Intraday and Daily Charts
Intraday charts measure currency prices for traders in 5 or 15-minute increments, while daily charts present data for price changes for a single day.
But while novice traders commonly use these tools, the success rate in applying these charts are low. It’s not because these tools don’t work or aren’t effective; these tools are not just made for beginners. What many newcomers fail to realize is that these tools require in-depth knowledge and trading skills. Furthermore, by using short-term charts, they may accidentally pit themselves against a more significant overall trend.

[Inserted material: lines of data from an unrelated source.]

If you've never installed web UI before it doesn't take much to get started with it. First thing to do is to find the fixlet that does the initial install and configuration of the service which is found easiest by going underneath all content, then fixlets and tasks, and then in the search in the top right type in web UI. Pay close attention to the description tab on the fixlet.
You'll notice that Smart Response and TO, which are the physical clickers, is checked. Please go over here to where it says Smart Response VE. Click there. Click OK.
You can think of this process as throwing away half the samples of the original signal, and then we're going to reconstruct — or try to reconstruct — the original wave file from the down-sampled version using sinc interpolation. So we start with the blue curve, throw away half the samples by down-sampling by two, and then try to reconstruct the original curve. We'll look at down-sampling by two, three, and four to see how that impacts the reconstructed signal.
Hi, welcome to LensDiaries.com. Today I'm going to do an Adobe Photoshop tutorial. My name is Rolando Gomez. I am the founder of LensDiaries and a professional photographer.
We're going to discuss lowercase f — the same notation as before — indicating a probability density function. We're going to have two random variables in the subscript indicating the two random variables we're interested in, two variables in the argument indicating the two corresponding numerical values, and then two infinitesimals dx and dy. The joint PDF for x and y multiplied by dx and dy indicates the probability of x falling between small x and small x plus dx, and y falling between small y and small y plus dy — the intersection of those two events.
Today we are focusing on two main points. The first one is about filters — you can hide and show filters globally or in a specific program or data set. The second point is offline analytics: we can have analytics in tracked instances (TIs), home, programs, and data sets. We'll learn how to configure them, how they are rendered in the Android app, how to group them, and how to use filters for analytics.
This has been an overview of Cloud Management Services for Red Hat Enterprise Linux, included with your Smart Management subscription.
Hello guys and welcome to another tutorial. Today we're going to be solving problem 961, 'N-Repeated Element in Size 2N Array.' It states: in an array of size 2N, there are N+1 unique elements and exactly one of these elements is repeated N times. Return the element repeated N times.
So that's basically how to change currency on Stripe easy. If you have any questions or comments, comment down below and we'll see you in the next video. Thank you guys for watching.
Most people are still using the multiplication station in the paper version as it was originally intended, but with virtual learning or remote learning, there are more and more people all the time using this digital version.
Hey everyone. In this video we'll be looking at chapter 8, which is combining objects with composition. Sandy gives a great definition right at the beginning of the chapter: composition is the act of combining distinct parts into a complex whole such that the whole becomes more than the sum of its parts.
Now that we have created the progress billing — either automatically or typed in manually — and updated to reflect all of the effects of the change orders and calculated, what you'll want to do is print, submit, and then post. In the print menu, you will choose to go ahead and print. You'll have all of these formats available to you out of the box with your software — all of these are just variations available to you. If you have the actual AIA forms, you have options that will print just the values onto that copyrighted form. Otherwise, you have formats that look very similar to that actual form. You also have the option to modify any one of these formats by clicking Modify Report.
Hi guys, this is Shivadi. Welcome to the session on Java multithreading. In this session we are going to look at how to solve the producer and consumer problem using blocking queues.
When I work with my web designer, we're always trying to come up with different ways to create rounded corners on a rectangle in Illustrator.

And, as everyone knows, going against a trend is one way to ruin one’s Forex trading career.
Advantage of a Weekly Forex Trading System
To have a clear view of where and when a significant trend is coming, traders should instead use a weekly trading system.
Traders are in a game of trading with trend or momentum, so they must be fast enough in predicting these waves. By using specific indicators on a weekly trading chart, it brings them ahead of the momentum which gives them have a great advantage. Using this chart also saves them from being caught up in trading on mere minor shifts within a bigger trend.
Another advantage of a weekly Forex trading system is it requires less work than daily or intraday charts. By developing this kind of system, traders can spend more time away from their monitors.
Technical Indicators for Weekly Forex Chart
John Bollinger developed Bollinger Bands which may be related to Moving Averages – though it uses a far more complicated process. It includes the standard deviations above and below a moving average price. Traders who use this indicator can notice that it consists of 3 lines. Bollinger Bands display a possible sell signal if the price move above the upper band. A buy signal is possible if the price move below the lower band.
This indicator focuses on its lenses at the speed of price changes in a currency pair.
If the price increase is speeding up, traders see strength in a currency that can continue. But something can always arrest this trend which can come from many factors.
If traders see a fading momentum on the price increase’s speed, then it’s sending them an important message: it’s time to sell. This strategy also applies if the price increase of a currency pair loses its steam.
Relative Strength Index
This indicator notifies traders if a currency pair is possibly overbought. It can plot relative strength on a scale of 0 to 100.
Traders see the territory as oversold if its reading reaches between 0 and 30, while an overbought territory is defined if its reading hits 70 to 100.
Forex traders would know that it’s time to sell if the reading crosses the center line (at 50) from above. But if it crosses below, traders see it as a buy signal.